Inesperadamente, esta não se mostrou surpreendida com a decisão de Luísa que a religiosa ia apresentar-lhe. No rosto apenas se lhe notou a sombra de um sorriso triste. Não fez qualquer pergunta nem se notou qualquer censura na voz cansada quando disse:
— Quero que a Luísa encontre a sua felicidade. Se essa felicidade a aguarda nesse novo rumo que deseja dar à sua vida, pois que saia e que seja muito feliz! Mas que, então, nunca perca de vista as ruas que vêm dar à Penha e a esta casa onde ela terá sempre um lugar.
E dizendo isto, ergueu-se e dirigiu-se para a porta do aposento sem sequer se despedir delas.
Mas era a velha senhora quem, afinal, guardava um segredo sobre Luísa. E quando se retirou da sala, deixando perplexas madre Pia e Mei Lin com a sua aparente frieza, abria-se-lhe no coração uma ferida antiga que há muito deixara de sangrar.
Um ano antes do nascimento de Luísa em Macau, fruto dos amores entre seu marido e a bela Li Lai Cheong, prostituta da Rua da Felicidade, encontrava-se dona Josefina em Portugal. Deslocara-se a Leiria para se despedir de seu avô gravemente doente e, afinal, acabaria por ocorrer o seu falecimento na véspera do seu regresso a Macau. Adiara então o regresso por mais uma semana para acompanhar o funeral.

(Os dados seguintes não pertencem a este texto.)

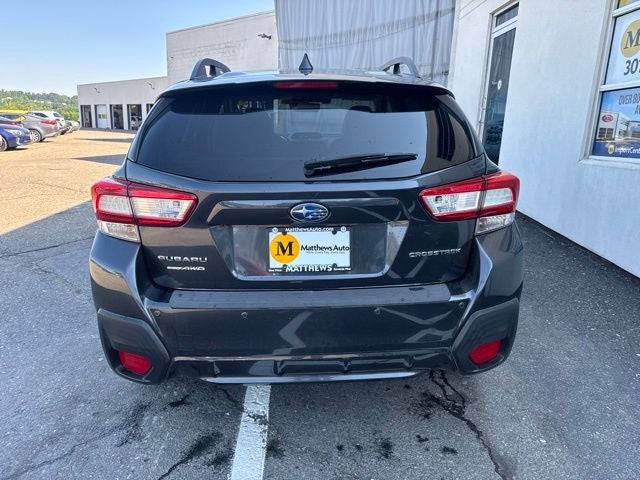 2019 Subaru Crosstrek 2.0i Limited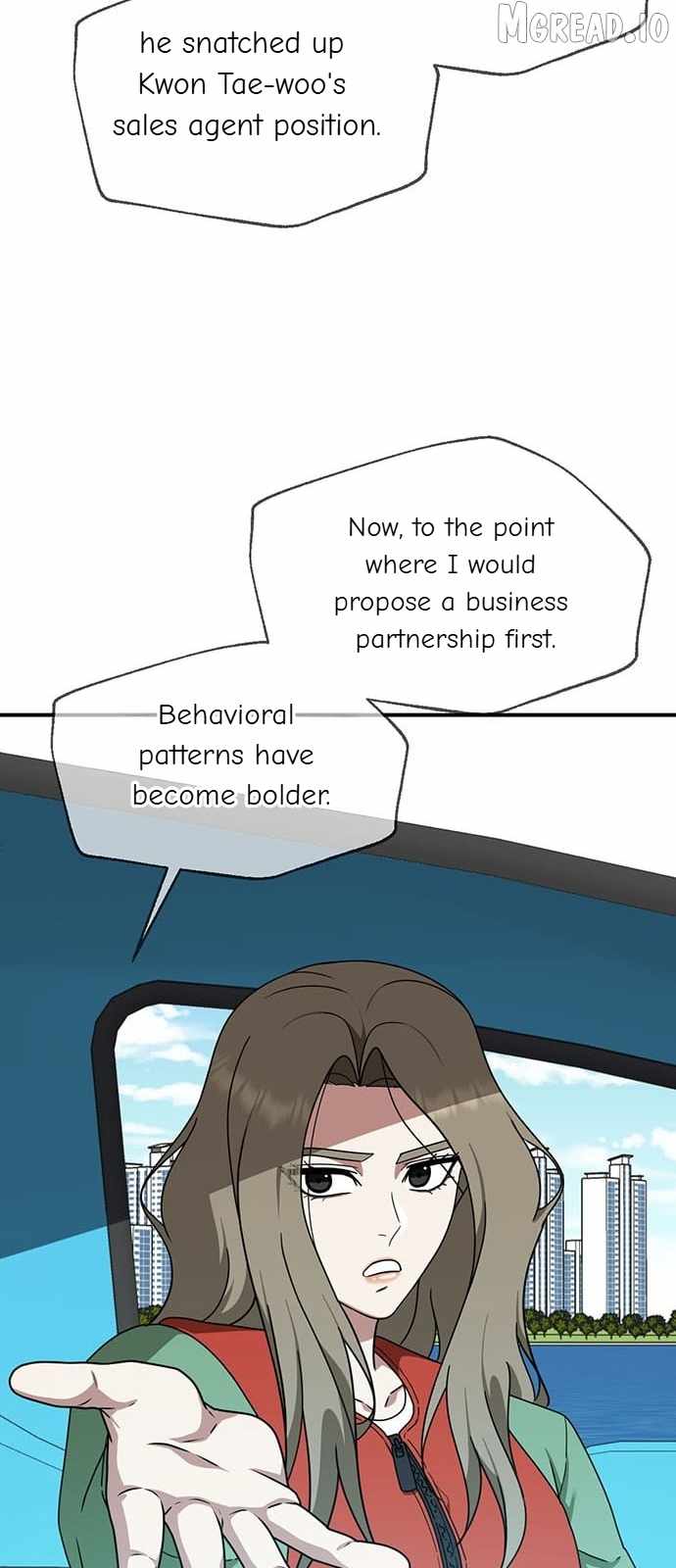 Read Change Me chapter 140 image 66 on Lezhin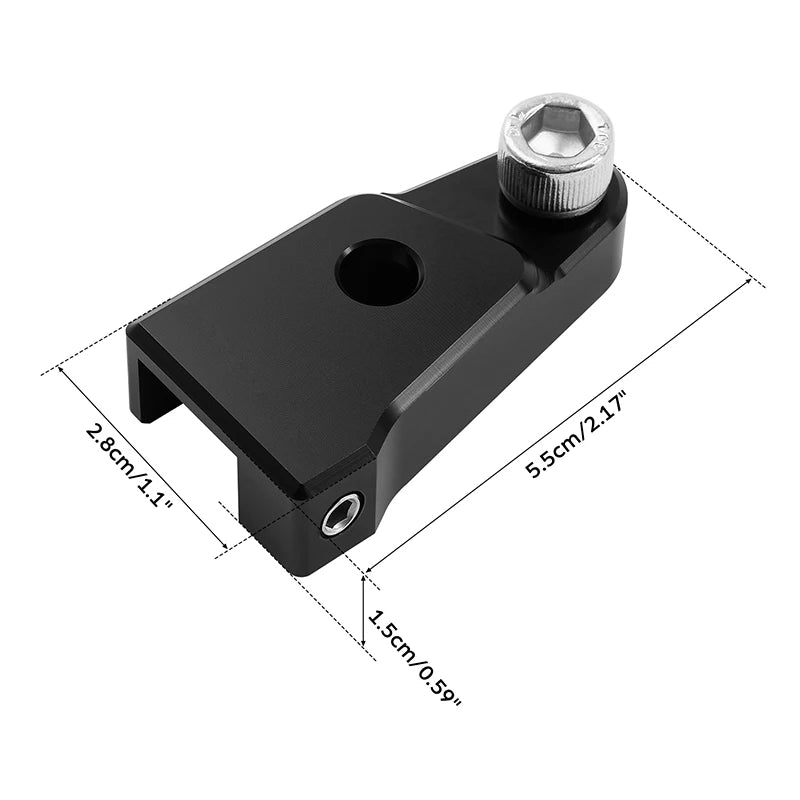 Aide au point mort pour Harley Twin Cam - vue 4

Mas esse regresso só teria lugar dois meses depois.
Ao funeral do antigo catedrático de Coimbra tinha ido assistir uma multidão de amigos da família e da Universidade, antigos alunos de Direito e o Governo tinha-se feito representar pelo ministro da Educação. Josefina teria então tido a oportunidade de se encontrar com velhos amigos do tempo em que vivera em casa do avô e frequentara, também ela, a velha universidade. Entre eles estava o homem com quem se teria casado se a oposição da família não tivesse levado a melhor na resistência que moveu ao noivo, jovem activista comunista várias vezes preso pela PIDE.
Viajaram de regresso a Lisboa numa coincidência de calendário pouco convincente. Nunca ninguém soube o que se passou durante essa longa viagem de dois meses entre Leiria e Lisboa. Mas António tinha as suas fontes disponíveis para investigar o que lhes pediu. E as notícias que, posteriormente, recebeu acabaram por fazê-lo compreender que o seu casamento feliz tinha morrido.

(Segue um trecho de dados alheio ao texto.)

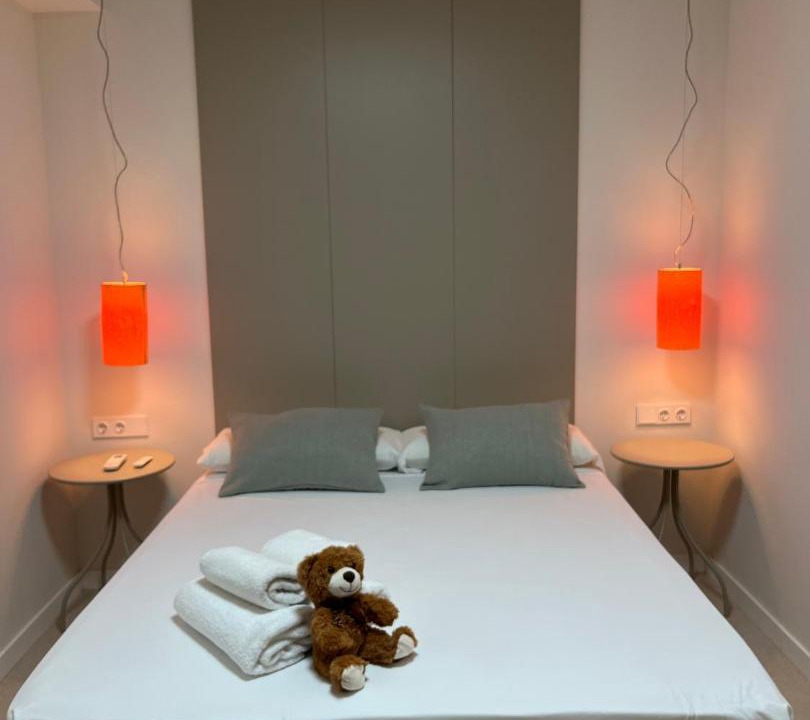 Photo of Bedroom in Benicalap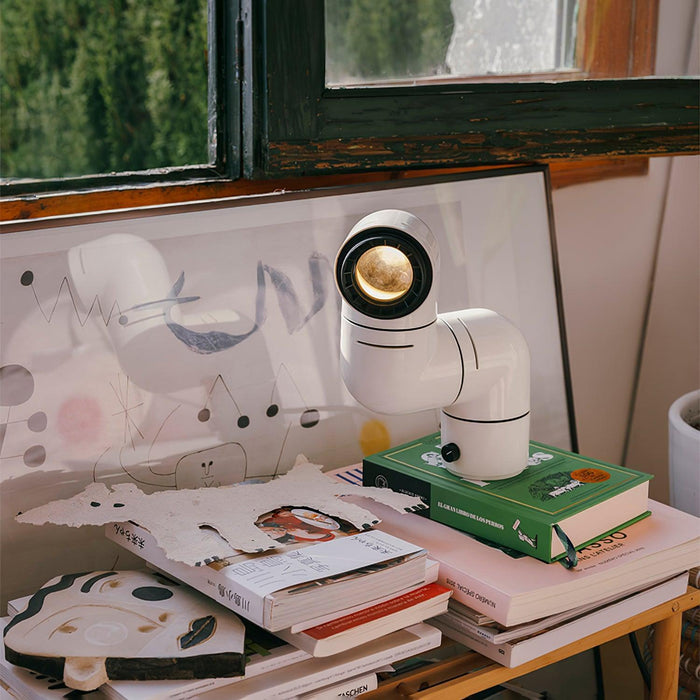 Tatu Table Lamp - DWHOME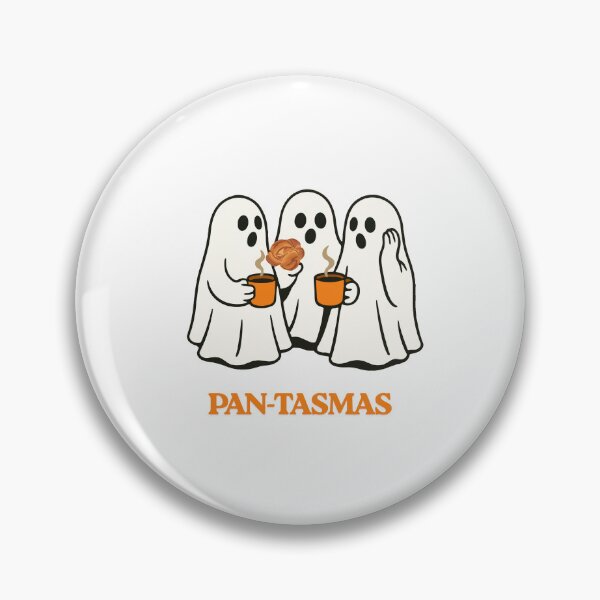 Item preview, Halloween Ghost Pantasma Design 2 designed and sold by ArgenDor Made.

No regresso de dona Josefina a Macau pairou entre os dois a dúvida sobre uma continuidade ou um rompimento. Em nome dos filhos mas, sobretudo, para salvar as aparências, escolheram a continuidade, esquecendo aquele passado recente. E nas confissões que se fizeram em nome de um recomeço sem mágoas e sem rancores, António soube da paixão renovada da mulher durante aquele vazio de dois meses angustiados. Pediu-lhe que o poupasse a mais detalhes. E Josefina, da entrega de António nos braços de uma prostituta que jurou amar para toda a vida.
Luísa seria perfilhada em nome desse perdão.